[Supplied records Boundary: Start]

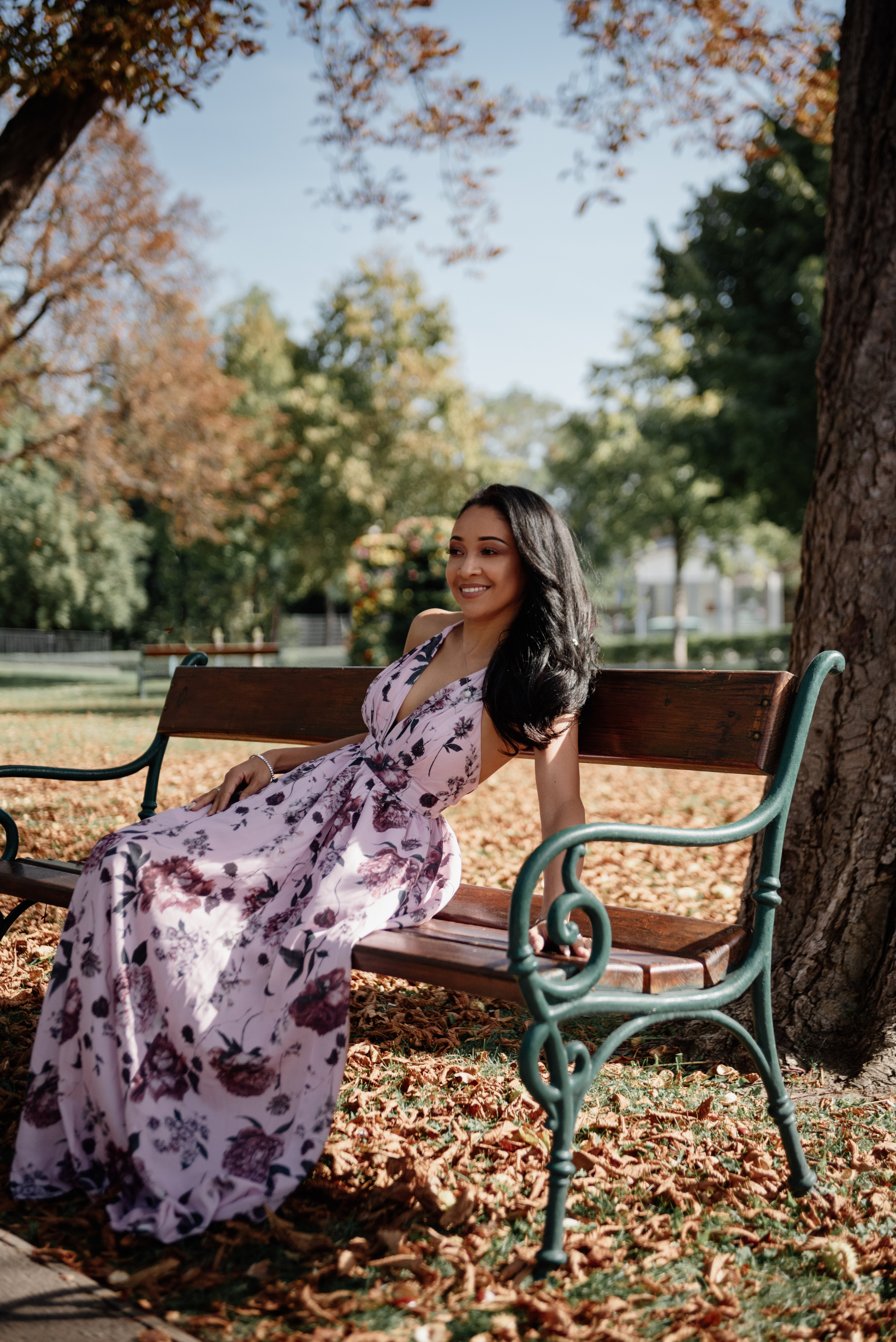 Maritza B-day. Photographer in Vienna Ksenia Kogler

[Supplied records Boundary: End]
[Supplied records Boundary: Start]

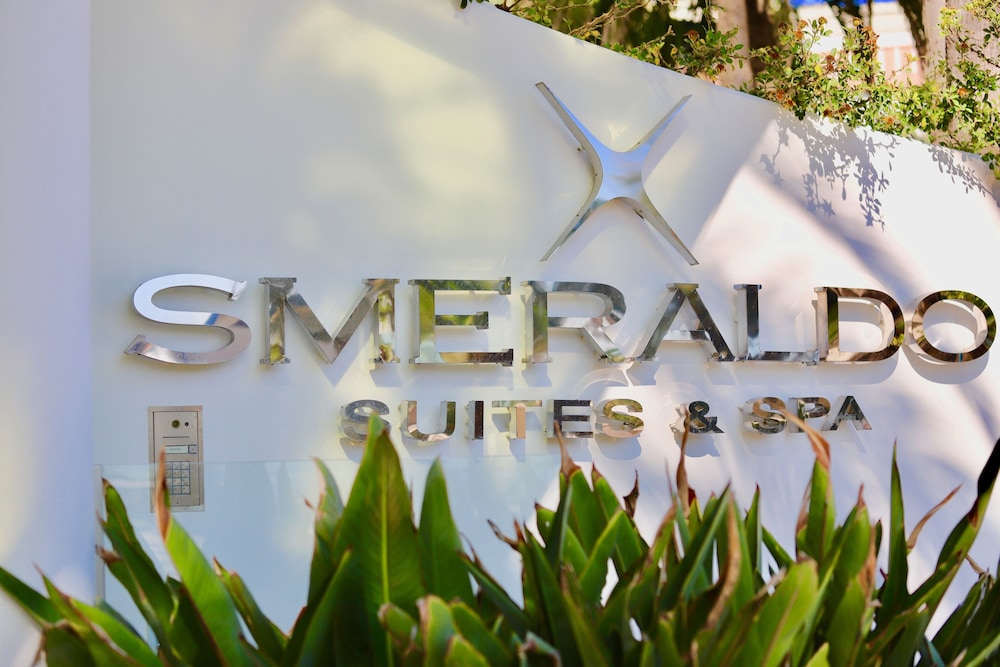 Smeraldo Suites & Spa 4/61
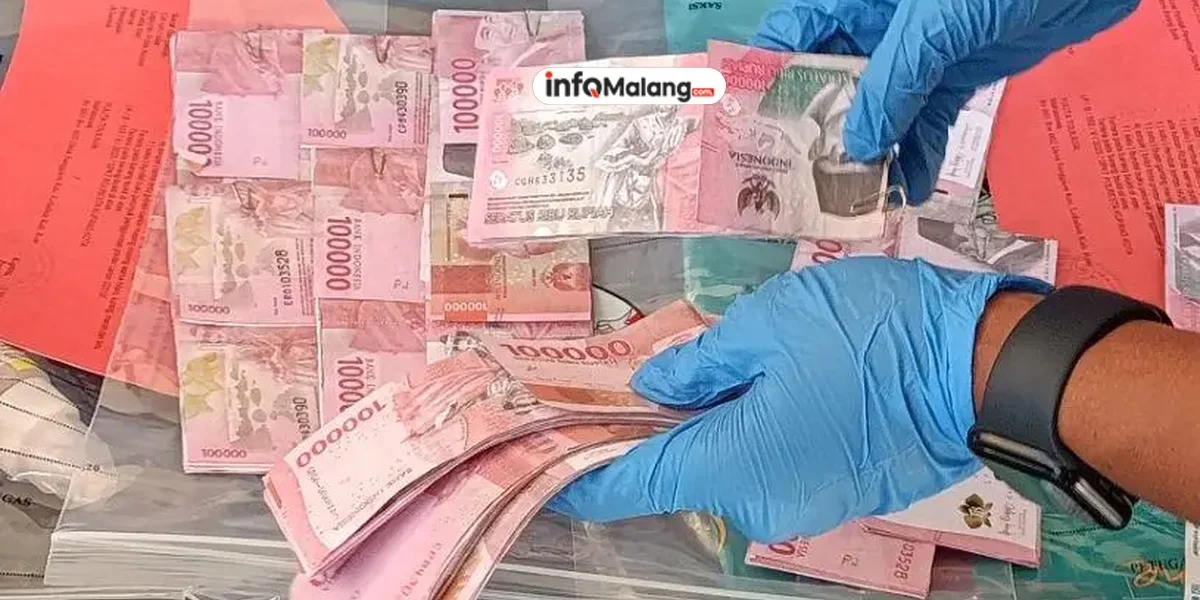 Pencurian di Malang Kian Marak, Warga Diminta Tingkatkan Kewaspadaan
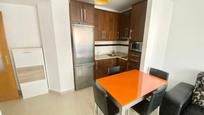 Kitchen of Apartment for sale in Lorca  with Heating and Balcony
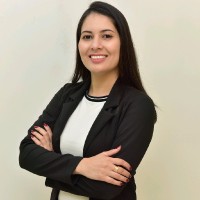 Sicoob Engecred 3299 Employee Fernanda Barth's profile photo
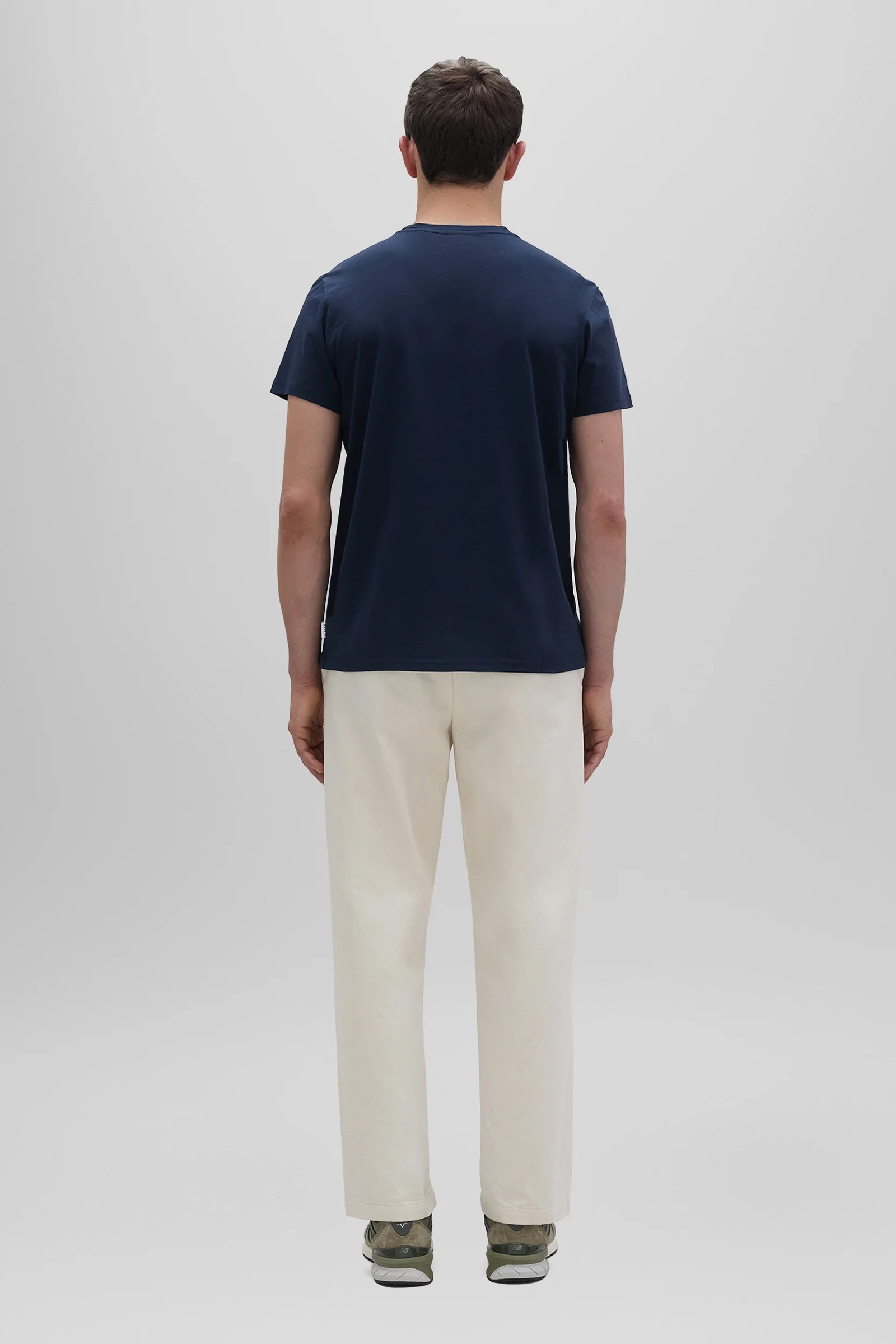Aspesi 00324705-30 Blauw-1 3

[Supplied records Boundary: End]
[Supplied records Boundary: Start]

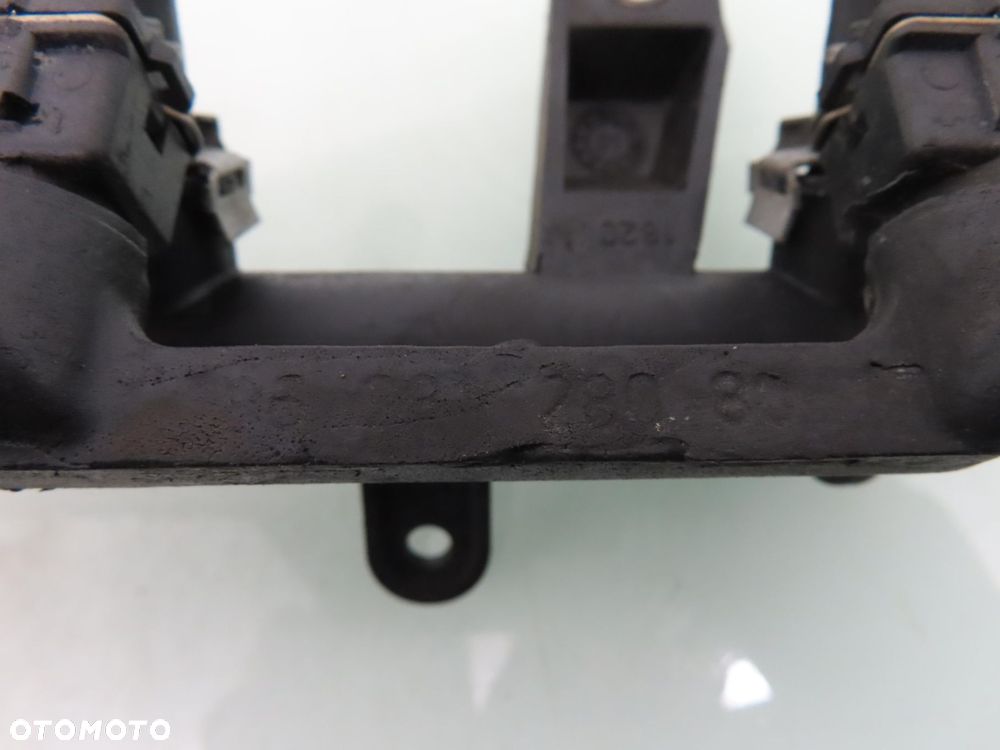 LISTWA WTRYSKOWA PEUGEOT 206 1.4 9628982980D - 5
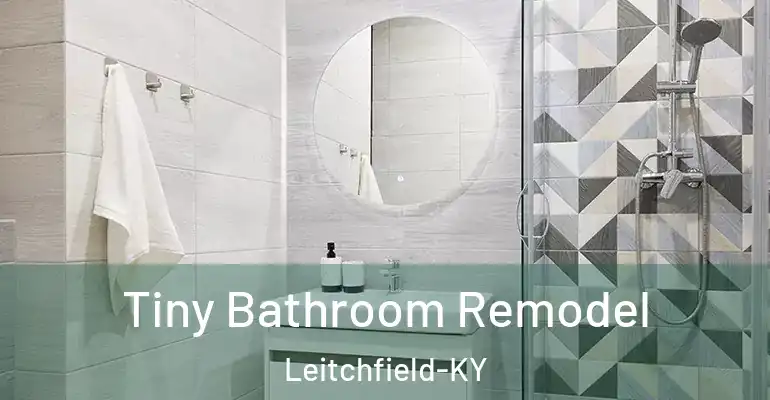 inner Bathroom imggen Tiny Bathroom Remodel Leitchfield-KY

[Supplied records Boundary: End]

# [Task requirements]
Pictures excluded, give again exactly and only the lines of the material above from the line with "Kitchen of Apartment" through the line with "Aspesi 00324705-30 Blauw-1 3".

# [Task solution]
 Kitchen of Apartment for sale in Lorca  with Heating and Balcony
 Sicoob Engecred 3299 Employee Fernanda Barth's profile photo
Aspesi 00324705-30 Blauw-1 3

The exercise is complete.